Palantir contreviendrait-il à la constitution allemande ? C’est ce que semble indiquer une décision du Tribunal constitutionnel fédéral d’Allemagne. Les länder d’Hesse et d’Hambourg sont expressément visés par le jugement rendu par la cour constitutionnelle. Ils devront cesser d’utiliser le logiciel américain, à moins de se conformer strictement à la constitution. Au cœur des préoccupations des juges allemands se trouve la protection des données personnelles, possiblement menacée par Palantir Technologies, entreprise à la réputation controversée.

Palantir, un géant de la donnée anti-criminalité

Suite aux attentats de septembre 2001, deux entrepreneurs américains décident de lancer Palantir Technologies en 2003, avec un important soutien financier de la CIA et de son fonds d’investissement In-Q-Tel. Alex Karp et Peter Thiel, co-fondateur de PayPal, ambitionnent de soutenir les gouvernements occidentaux dans leur lutte contre la criminalité et le terrorisme, en tirant profit de l’intelligence artificielle et du big data. Ils mettent au point deux logiciels, Gotham et Foundry, tous deux destinées à détecter des anomalies, déduire des tendances et soutenir les prises de décisions grâce à l’exploitation de larges quantités de données.

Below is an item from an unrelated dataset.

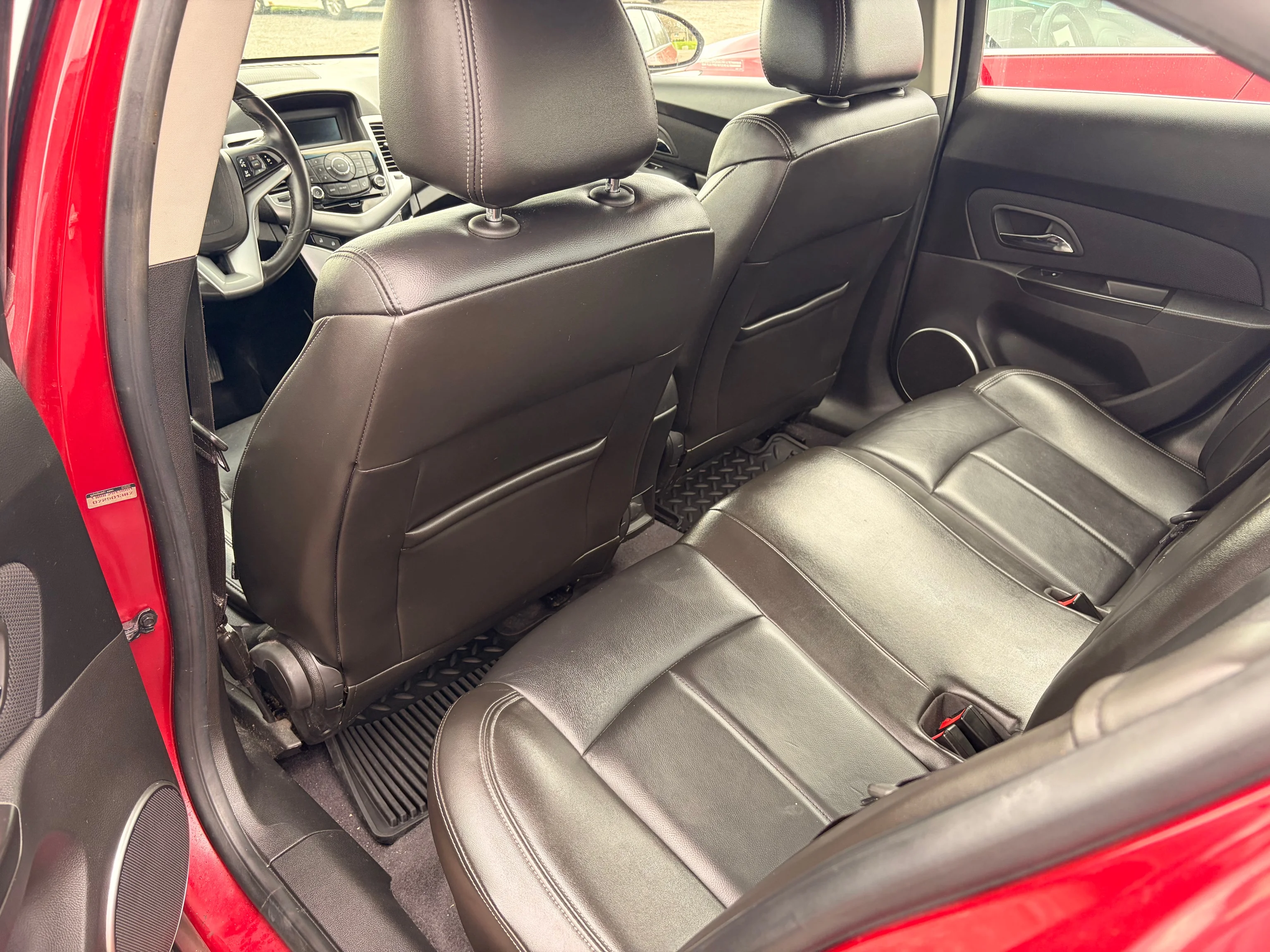 Used 2011  Chevrolet  image 6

Introduite à la bourse de New York en septembre 2020, l’entreprise américaine connaît une croissance notable, devenant rentable pour la première fois en février 2022. Le succès de Palantir est aussi européen : en 2021, plus d’une dizaine de pays du Vieux Continent, dont la France, ont eu recours aux solutions développées par la société américaine.

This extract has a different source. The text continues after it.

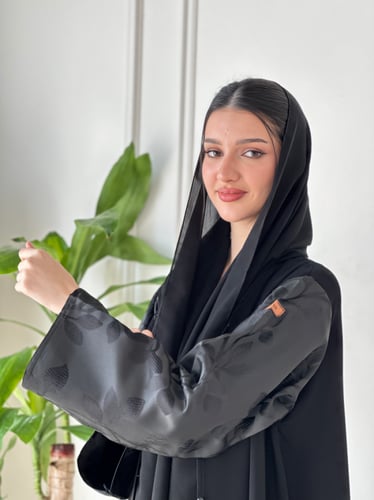 عباية كريب اغصان ع الكم والعباية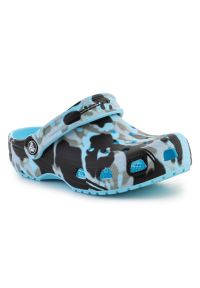 Klapki Crocs Classic Spray camo Clog Jr 208305-441 niebieskie. Okazja: na plażę. Kolor: niebieski. Materiał: materiał. Styl: wakacyjny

L’implantation de Palantir en Allemagne

Plusieurs Länder allemands font partie des clients européens de Palantir. La province de Hesse a doté sa police du logiciel Gotham, « qui permet aux utilisateurs de prendre ensemble des décisions plus rapides et plus sûres. » Peter Beuth, ministre de l’Intérieur du Land, estime que le déploiement de la solution en 2017 a permis d’empêcher une attaque terroriste en 2018 et de mettre au jour un réseau pédophile en 2020. Pourtant, la décision du tribunal constitutionnel pourrait venir remettre en cause ces plans. Les législateurs estiment que les citoyens ne sont pas en mesure de décider de la finalité des usages de leurs données personnelles, et que les usages faits par la police sont disproportionnés. La cour appelle à un renforcement des critères d’utilisation, et à un usage conditionné à l’apparition de menaces tangibles.

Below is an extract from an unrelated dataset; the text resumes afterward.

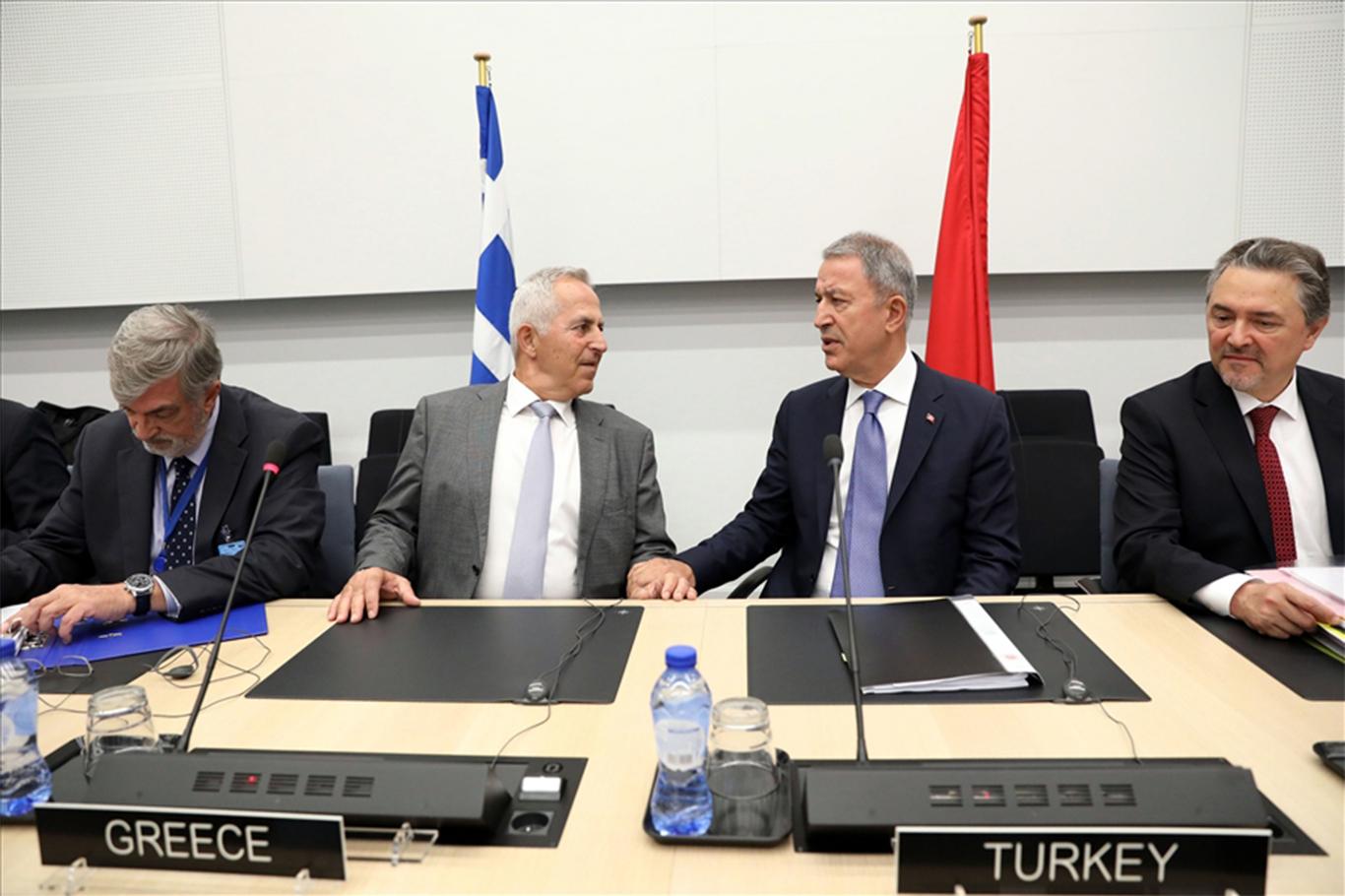 Bakan Akar, Yunan mevkidaşıyla görüştü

Par conséquent, la police de Hesse ne peut plus procéder à l’analyse automatisée des données sans une modification de sa législation locale. Hambourg devra également remanier totalement sa législation existante avant un potentiel déploiement. En Rhénanie-du-Nord-Westphalie, qui a signé un accord avec Palantir pour un montant d’environ 20 millions d’euros en 2020, la décision a poussé le gouvernement local à faire appel à des experts juridiques pour conformer la loi à la décision du tribunal. Du côté de Palantir, l’heure est à la réassurance. L’entreprise affirme que ces décisions viendront confirmer que les solutions peuvent être en conformité avec les législations locales en matière de protection des données. Il pourrait ne s’agir que d’une énième controverse, pour ce géant de la tech habitué aux accusations de violations des libertés individuelles.